Cuphophyllus pratensis : Meadow Waxcap Mushroom
was only identified under the genus Cuphophyllus as of 2013. However, this mushroom has a few synonyms that it might be classified under such as Hygrophorus pratensis, Camarophyllus pratensis, or Hygrocybe pratensis.
Also See Similar:
Agaricus campestris (Meadow Mushroom)
Kingdom : Fungi
Division : Basidiomycota
Class : Agaricomycetes
Order : Agaricales
Family : Hygrophoraceae
Genus : Cuphophyllus
Species : Cuphophyllus pratensis : Meadow Waxcap Mushroom
Where to Find This Mushroom in the Wild?
Cuphophyllus pratensis can be found in similar areas as the Meadow Mushroom, Agaricus campestris. Check your open fields with lots of grass, or even your own front yard which is where we found a bunch of these and Agaricus campestris growing heavily in a grassy area.

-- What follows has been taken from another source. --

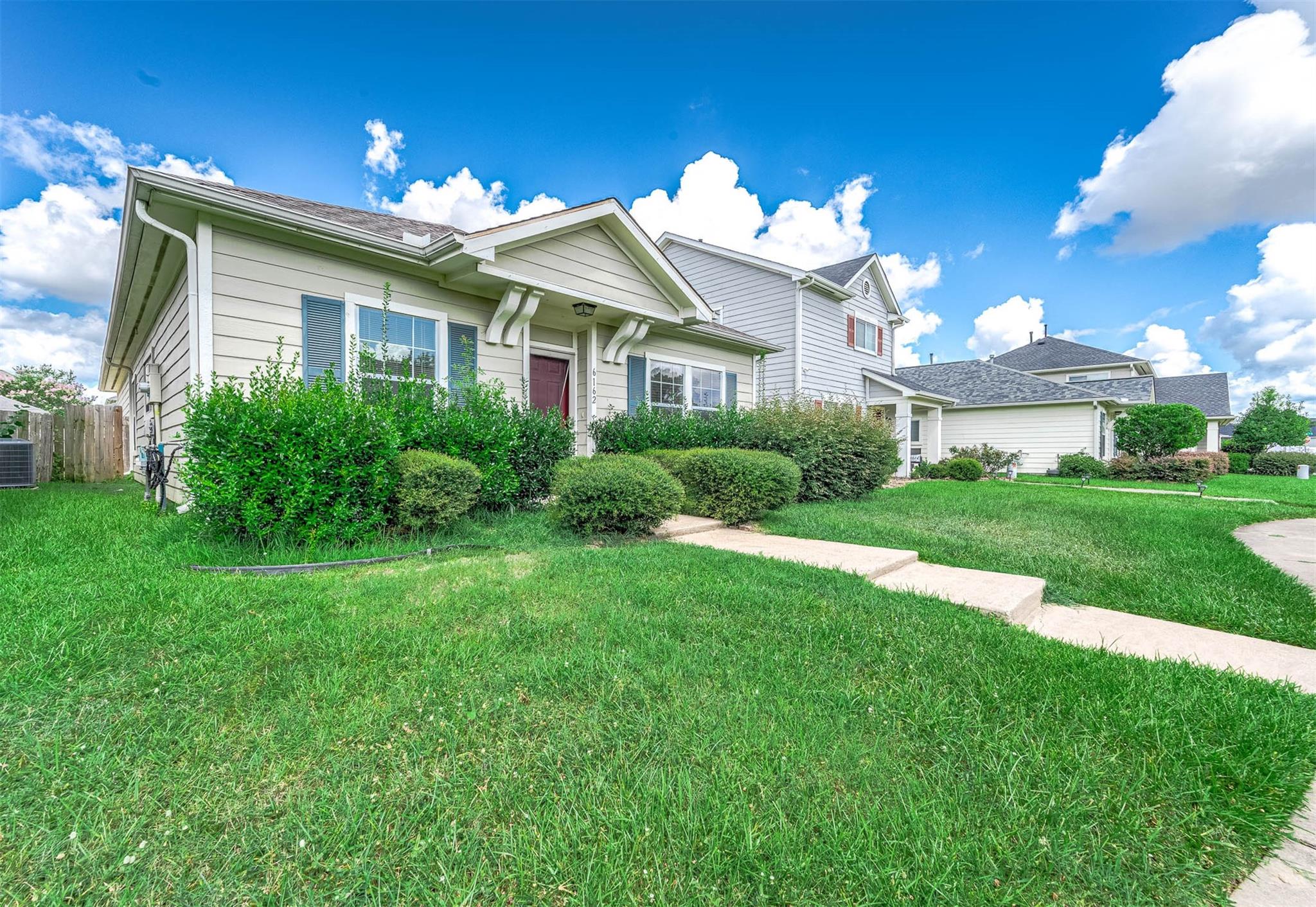 6162 Settlers Lake Circle E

Important to note a large amount of blue spruce pines running alongside the grass.
Description of the Mushroom
Cap: Convex at a younger age and flattening out over time. Cream color to light tanish hues. Can be more orange tinted too. Cap between 1 - 2.5 inches. Wax feeling when wet.
Stem / Stipe: bare and cream to white in color. Even thickness throughout entire length.
Gills: Gills are whitish to cream color getting more yellow with age.
Hymenium: adnate to decurrent with age
Spore Print: white
Ecology: distributed across North America and parts of Europe. Located in plenty of open grass fields and pastures. Located primarily near coniferous trees / open grass areas here in Michigan.
Edibility: Yes, enjoyed by a few people if cooked properly. Have not tried these myself.
Cuphophyllus is the most updated Genus classification was based on molecular research, cladistic analysis of DNA sequences, indicated that the genus has one common ancestor which is enough to distinguish it for classification.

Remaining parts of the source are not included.